(Exercise instructions) Everything in the listing should be set down exactly, apart from the pictures.

Top of Data shown

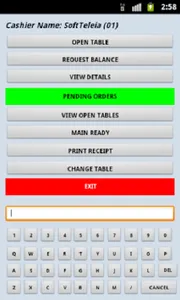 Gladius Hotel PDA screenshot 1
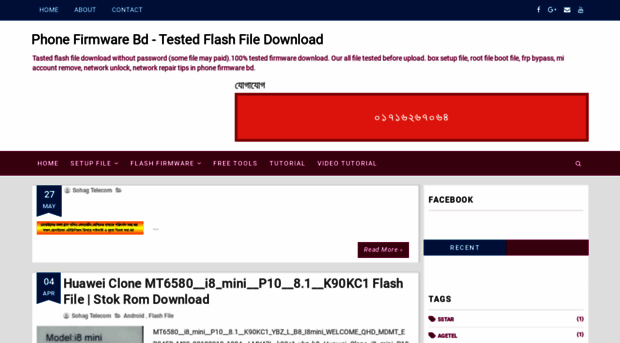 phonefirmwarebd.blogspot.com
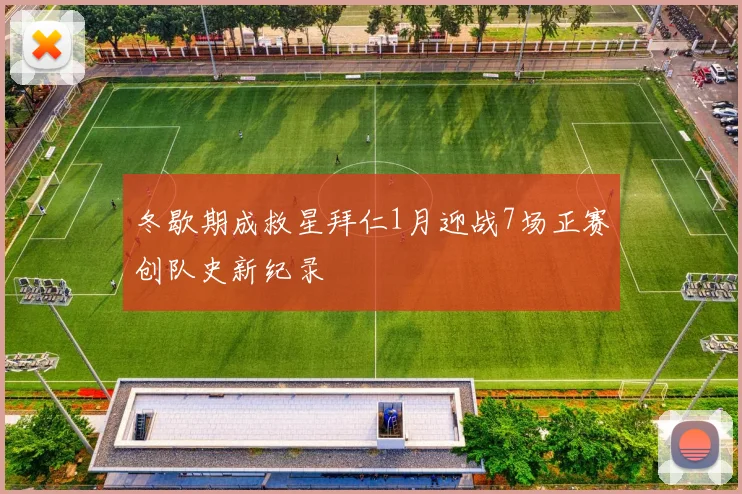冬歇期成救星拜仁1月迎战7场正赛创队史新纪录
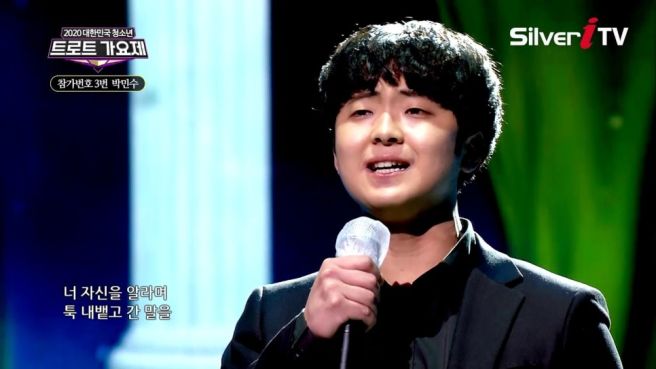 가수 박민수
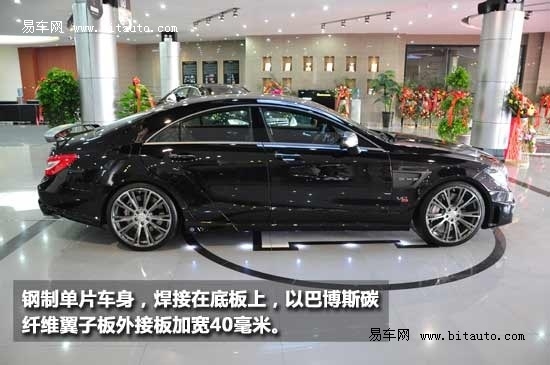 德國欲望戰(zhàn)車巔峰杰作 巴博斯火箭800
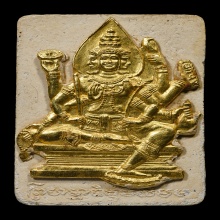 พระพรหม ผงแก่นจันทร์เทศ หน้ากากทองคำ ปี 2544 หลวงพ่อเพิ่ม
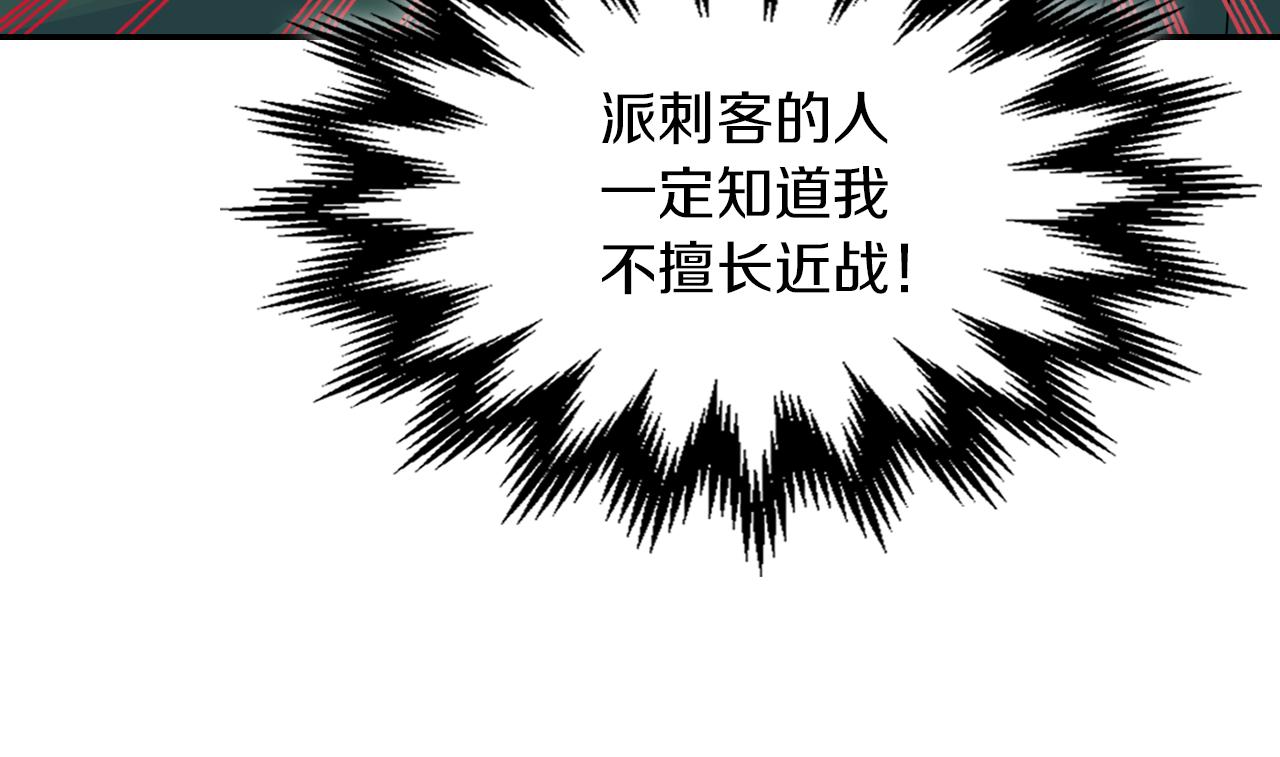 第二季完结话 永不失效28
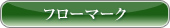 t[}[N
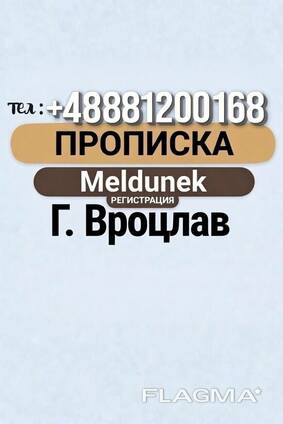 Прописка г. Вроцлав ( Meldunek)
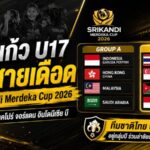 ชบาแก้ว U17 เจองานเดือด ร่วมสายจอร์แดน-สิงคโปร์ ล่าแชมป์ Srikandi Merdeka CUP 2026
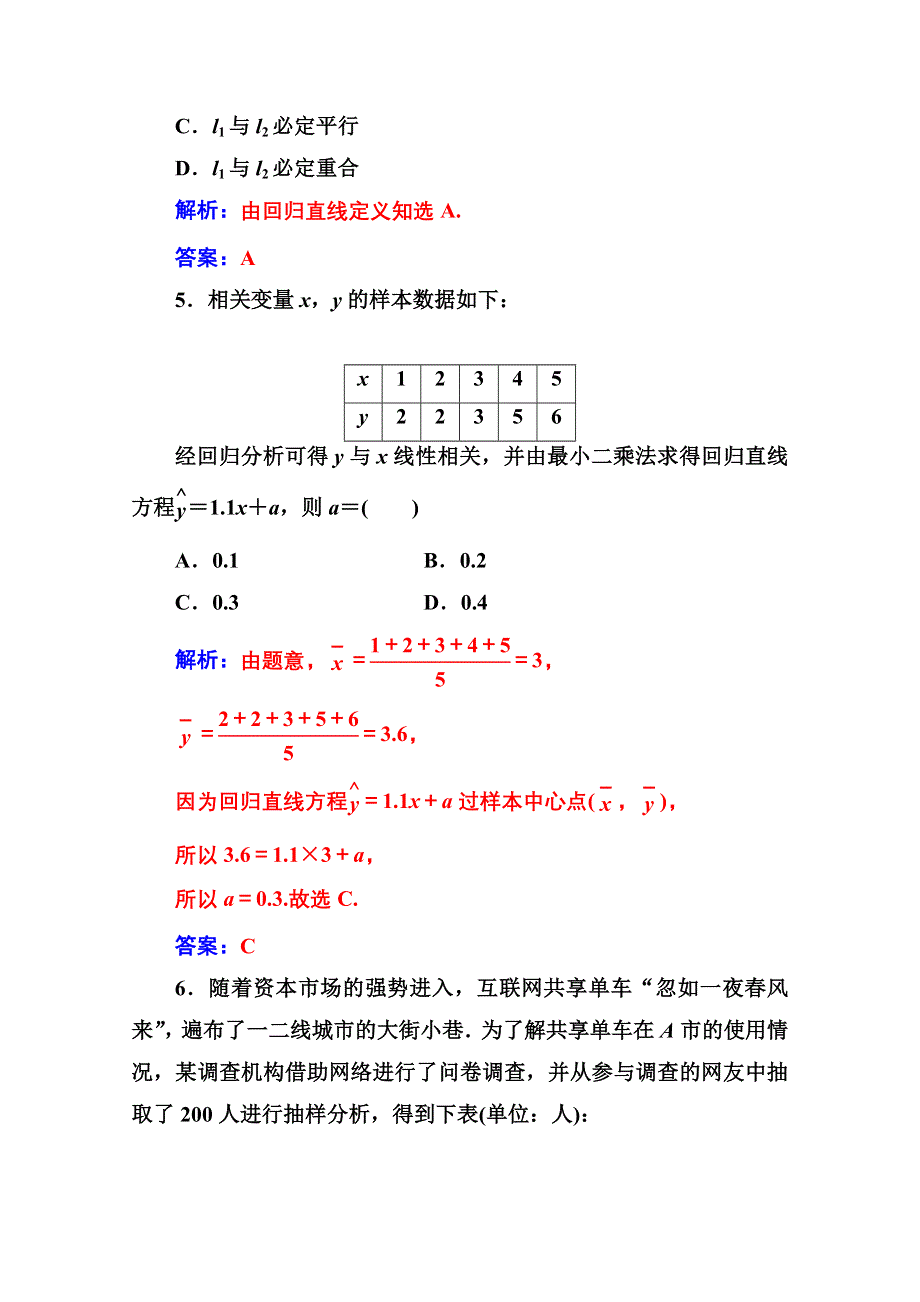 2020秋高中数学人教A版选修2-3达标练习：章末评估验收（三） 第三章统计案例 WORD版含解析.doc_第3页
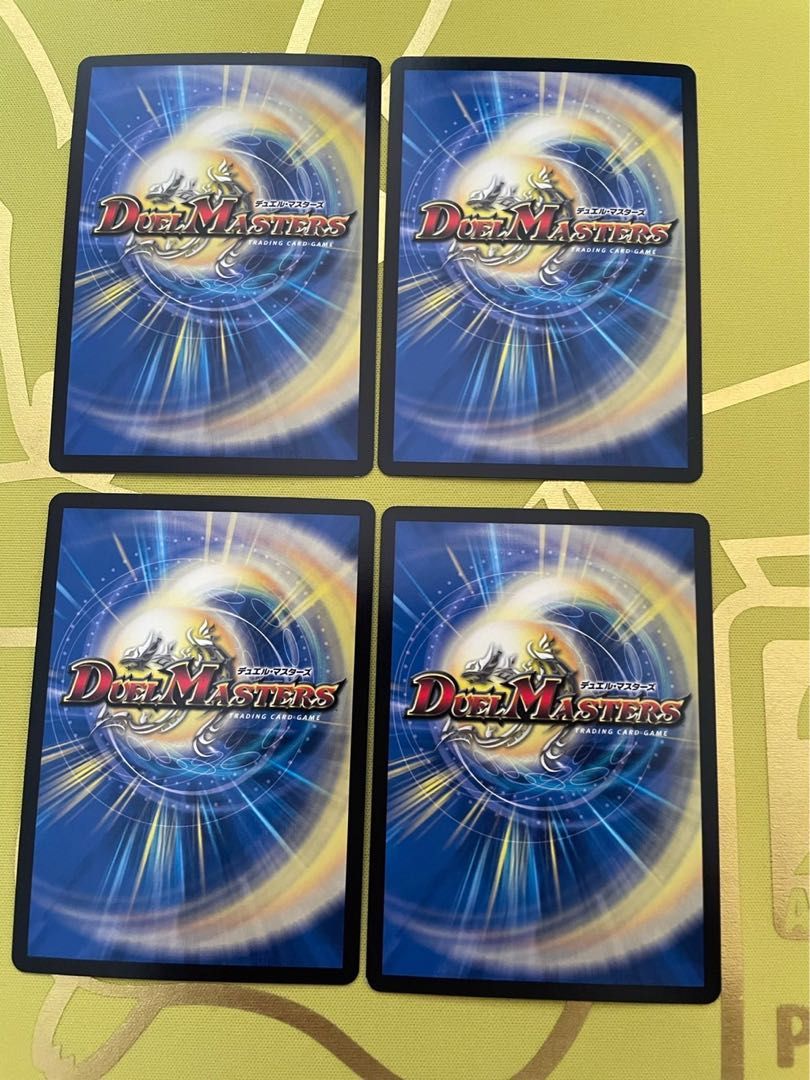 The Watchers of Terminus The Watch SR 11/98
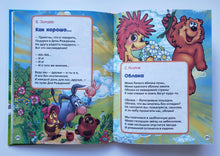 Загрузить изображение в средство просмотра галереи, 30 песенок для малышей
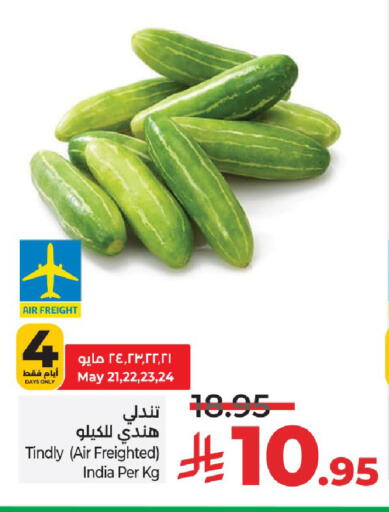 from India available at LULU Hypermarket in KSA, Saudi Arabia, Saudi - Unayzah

Bottom of Data shown

(Exercise response)
 Gladius Hotel PDA screenshot 1
 phonefirmwarebd.blogspot.com
冬歇期成救星拜仁1月迎战7场正赛创队史新纪录
 가수 박민수
 德國欲望戰(zhàn)車巔峰杰作 巴博斯火箭800
 พระพรหม ผงแก่นจันทร์เทศ หน้ากากทองคำ ปี 2544 หลวงพ่อเพิ่ม
 第二季完结话 永不失效28
 t[}[N
 Прописка г. Вроцлав ( Meldunek)
 ชบาแก้ว U17 เจองานเดือด ร่วมสายจอร์แดน-สิงคโปร์ ล่าแชมป์ Srikandi Merdeka CUP 2026
 2020秋高中数学人教A版选修2-3达标练习：章末评估验收（三） 第三章统计案例 WORD版含解析.doc_第3页
 The Watchers of Terminus The Watch SR 11/98
 Загрузить изображение в средство просмотра галереи, 30 песенок для малышей
 from India available at LULU Hypermarket in KSA, Saudi Arabia, Saudi - Unayzah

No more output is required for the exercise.